As a child of the late 80’s and early 90’s, my explosive energetic zeal was unquestionably not revered as a positive attribute; especially during a time when kids were supposed to be seen and not heard.  Well, I didn’t go “unheard,” ever! Even though this behavior was starkly condemned by all authoritative persons over me, I have learned to appreciate my high levels of energetic drive.  Other people may view my hyperactivity as a negative trait because of my tendency to over talk others, or because of my inability to sit still for long periods of time; however the talents I  hold because of hyperactivity that most  fail to validate are, my ability to persevere when others can’t, my capacity to calmly juggle multiple things at one time in the midst of adversity, and the tenacity to endure moments that may require a daunting demand for hyper focus!

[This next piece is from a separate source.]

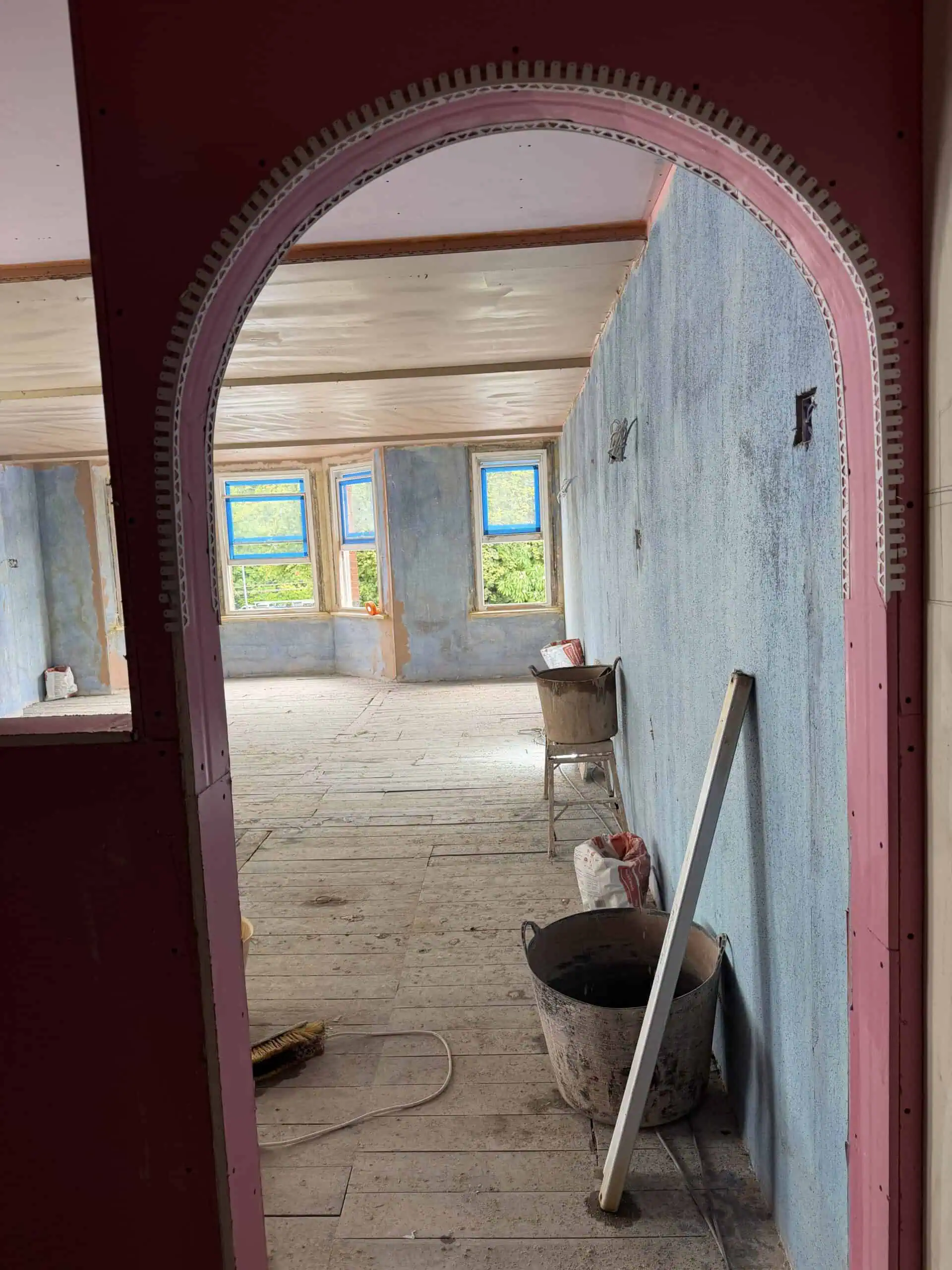 Interior of Monkey Puzzle Radlett nursery under construction with blue walls and windows.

I also feel incredibly fortunate to be blessed with the ability to handle chaotic situations with an eerie sense of calm; while others around me may not be able to problem solve in those highly stressful situations, but for me, that’s technically my “normal” wave length used for data processing.
Although as a child, I was unfortunately misunderstood and categorized as an individual with behavioral issues relating to ADHD, I was still able to somehow turn off the external dialog that was beginning to warp my own internal discourse and learned to embrace the good qualities that resided just beneath the surface of a dismal diagnosis.  When I finally was able to release the skewed depictions of my own reality, I felt an incredible freeing liberation come over me.  My hope for future generations, is that they will learn from the mistakes of the past, and rather than continuing the negative dialog stigmatizing those who have been diagnosed with ADHD, they begin embracing the creative individuality, the unrestricted spontaneous spirits and the energetic drives, of individuals that are different than the majority.